Added performance improvements for yielding time-partitioned run requests.
The asset backfill page now displays targeted assets in topological order.
Replicas can now be specified on Hybrid ECS and K8s agents. In ECS, use the NumReplicas parameter on the agent template in CloudFormation, or the dagsterCloudAgent.replicas field in Helm.
Zero-downtime agent updates can now be configured for the ECS agent. Just set the enableZeroDowntimeDeploys parameter to true in the CloudFormation stack for your agent.
The AssetsDefinition.from_graph, as well as the@graph_asset and @graph_multi_asset decorators now support specifying AutoMaterializePolicys.
[dagstermill] Pythonic resource variant of the dagstermill I/O manager is now available.
[dagster-duckdb] New DuckDBResource for connecting to and querying DuckDB databases.
[ui] Sensor / Schedule overview pages now allow you to select and start/stop multiple sensors/schedules at once.
[ui] Performance improvements to global search for big workspaces.

Bugfixes

async def ops/assets no longer prematurely finalize async generators during execution.
In some cases, the AutoMaterialize Daemon (and the build_asset_reconciliation_sensor) could incorrectly launch new runs for partitions that already had an in-progress run.
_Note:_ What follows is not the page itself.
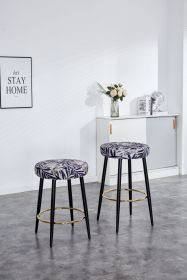 Counter Height Bar Stools Set of 2 (Main Color: Black and Silver, Main Material: Polyester)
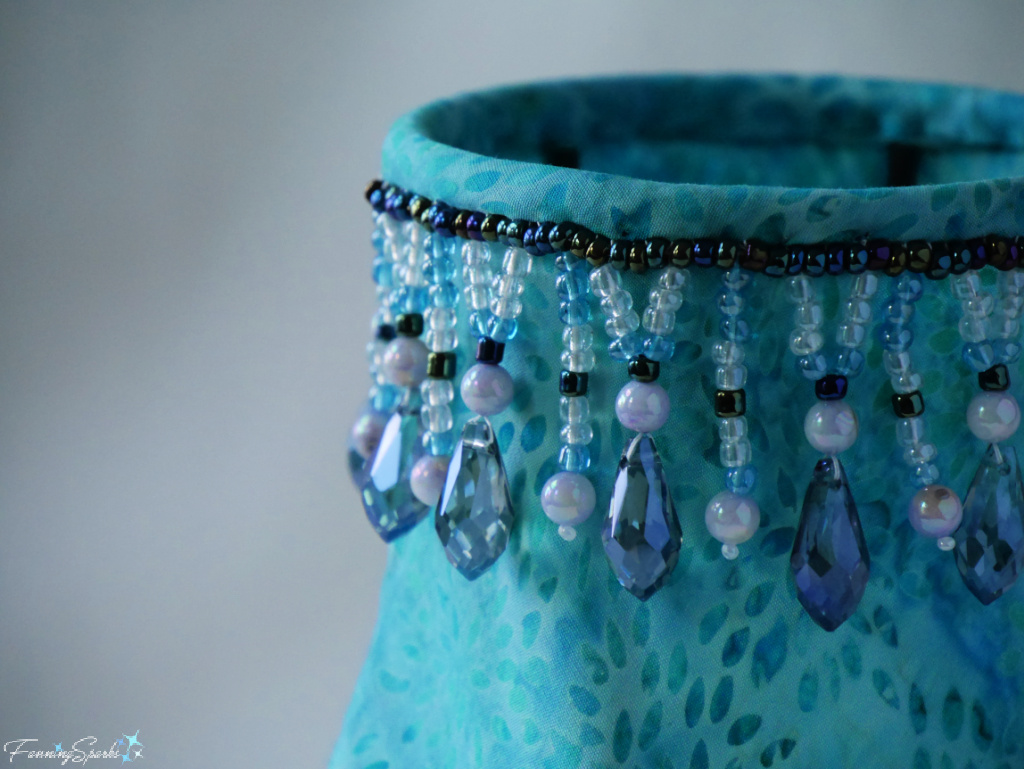 Beaded Trim Along Top Ring of Upcycled Accent Lamp Shade   @FanningSparks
This has been fixed.

Breaking Changes

Yielding run requests for experimental dynamic partitions via run_request_for_partition now throws an error. Instead, users should yield directly instantiated run requests via RunRequest(partition_key=...).
graph_asset and graph_multi_asset now support specifying resource_defs directly (thanks @kmontag42)!

Community Contributions

A new node_info_to_auto_materialize_policy_fn param added to load_assets_from_dbt_* functions. (thanks @askvinni)!
Added partition_key field to RunStatusSensorContext (thanks @pdstrnadJC)!

Experimental

For multi-partitioned assets with a time dimension, the auto-materialize policy now only kicks off materializations for the latest time partition window. Previously, all partitions would be targeted.
Added performance improvements to the multi-asset sensor context’s latest_materialization_records_by_key method.
The GraphQL API for launching a backfill no longer errors when the backfill targets assets instead of a job and the allPartitions argument is provided.

Documentation

Fixed a few typos in various guides.
Fixed a formatting issue in the Automating pipelines guide that was causing a 404.